RIO DE JANEIRO – Brazilian President Luiz Inácio Lula da Silva’s first run-in with the military ended up giving a boost to the movement to gain access to the secret archives dating back to Brazil‘s 1964-1985 military dictatorship.
The Torture Never Again Group (GTNM) of Rio de Janeiro is demanding the immediate opening of what human rights activists refer to as the "archives of terror."
Since it was founded in 1985 by relatives of those killed, tortured, and "disappeared" in the "dirty war," the GTNM has played a key role in pressing for information on the identity, whereabouts, and fate of around 150 victims of military rule.
"What we have been denouncing since 1992 has now been proven: that the secret archives do exist," and can shed light on cases of torture and murder that the armed forces want to keep as an "eternal secret," Cecilia Coimbra, the group’s vice president, told IPS.
The London-based rights watchdog Amnesty International expressed its support for those efforts on Monday.
On Oct. 17, the newspaper Correio Braziliense, which is produced in the capital, Brasilia, published two photos that allegedly showed a local journalist, Wladimir Herzog, naked and in despair in a military prison in Sao Paulo shortly before he died there in October 1975.
At the time, the armed forces implausibly reported that Herzog had hung himself in his cell. The high-profile case had wide repercussions amidst the denunciations of torture and political repression, and led to the dismissal of the military commander of Sao Paulo.
After the photos were published, the army criticized the newspaper for "reviving the thirst for revenge and inciting a sterile debate" on the past.
The communiqué issued by the army claimed that the 1964 military coup d’etat was staged in response to "popular clamor," and that the political repression practiced by the military was "a legitimate response to the violence waged by those who refused to engage in dialogue and opted for radicalism and illegal actions."

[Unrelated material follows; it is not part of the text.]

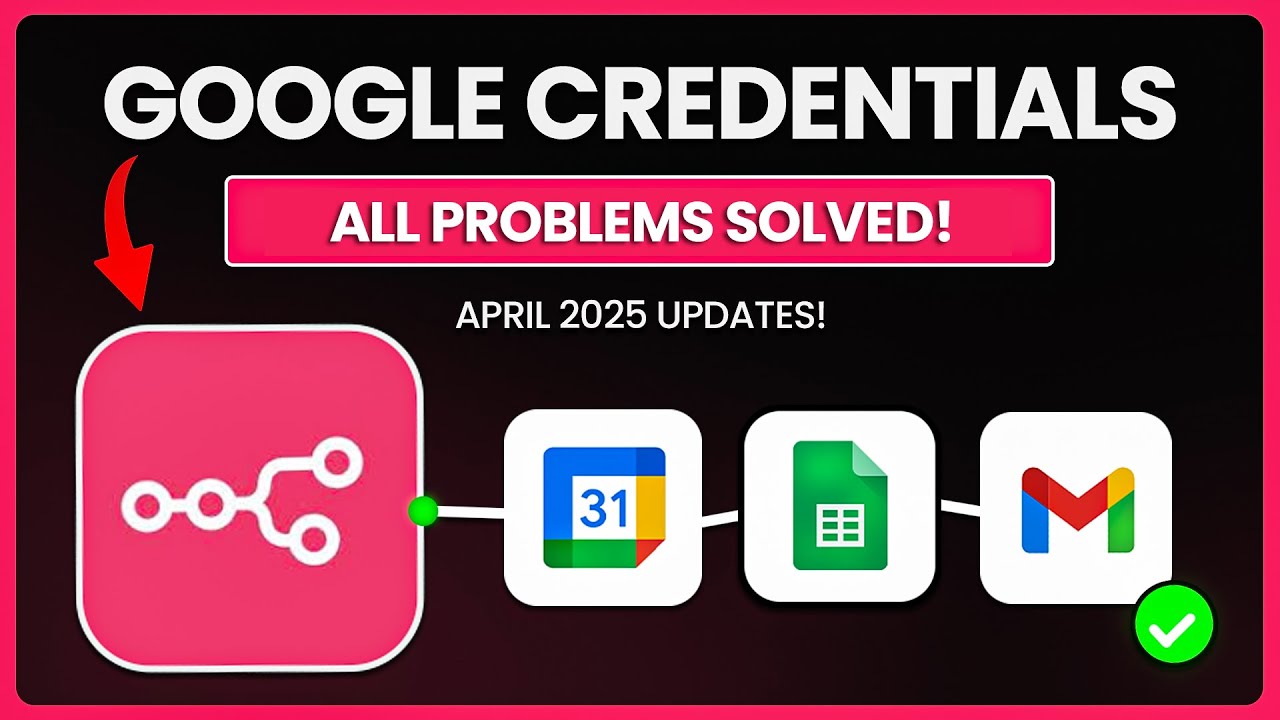 Problems setting up Google Credentials in N8N? Watch this! (Apr 2025)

But the declaration went even further, adding that the de facto regime led to "the construction of a new Brazil, in an environment of peace and security," and stating that in the army there has been "no change of position or conviction with regards to what occurred during that period of history."

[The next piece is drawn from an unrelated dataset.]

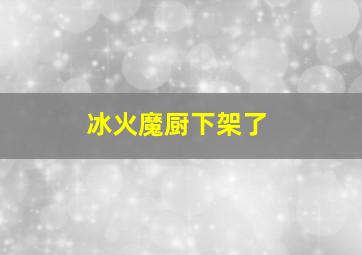 冰火魔厨下架了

The statement drew loud protests from members of the government and leaders of the ruling leftist Workers Party (PT), as well as from the human rights movement.
President Lula demanded that the army issue a retraction, which put Defense Minister José Viegas in a difficult position.
The chairman of the government’s Special Commission on the Death and Disappearance of Political Prisoners, Joao Luiz Pinaud, threatened to resign if the conditions making it possible to investigate the cases of forced disappearance were not guaranteed.
The crisis was overcome with a second statement, signed by army chief Roberto de Albuquerque, who admitted that the issue was not treated "in an appropriate manner." The communiqué also said "the army laments the death of journalist Wladimir Herzog" and that it defends democracy.
The man who appears in the photos published by the Correio Braziliense was apparently Canadian priest Leopold D’Astous, who was detained in 1973 by the security forces, along with a Catholic lay worker, Terezinha Sales. Both were tortured and photographed naked, as a form of pressure to force D’Astous to leave the country.
However, Herzog’s widow says that at least one of the photos is of her husband.
Regardless of the controversy over who appears in the two photos, the images made it clear that "the archives exist," said Coimbra.
The photos were in the hands of the Human Rights Commission in the lower house of Congress, but had not been made public, she said.
The army claims that all secret military archives were destroyed, but that is "only an argument to keep them hidden," said the activist.
Under pressure from the armed forces, former president Fernando Henrique Cardoso (1995-2003) signed a decree in 2002 expanding the timeframe for keeping the government’s most confidential documents secret from 30 to 50 years.
The GTNM is demanding that the decree, which was ratified by Lula in February 2003, be overturned.
The military has a long tradition of keeping documents secret. The archives from the 1865-1870 War of the Triple Alliance, in which Brazil, Argentina, and Uruguay fought against Paraguay, still remain closed today, said historian Denise Rollemberg, who is researching the period of the recent military regime.
But today there is greater pressure from society, the human rights movement has gained strength, and the families of the "disappeared" are actively demanding information, she commented to IPS.
"I have hopes that now things will be different," said Rollemberg.
Although the military successfully dismantled the groups that opposed the dictatorship, "they have lost the memory battle," she added, underlining the importance of salvaging that portion of the country’s recent history, to avoid a repeat of the torture, censorship and other crimes committed by the authoritarian regime.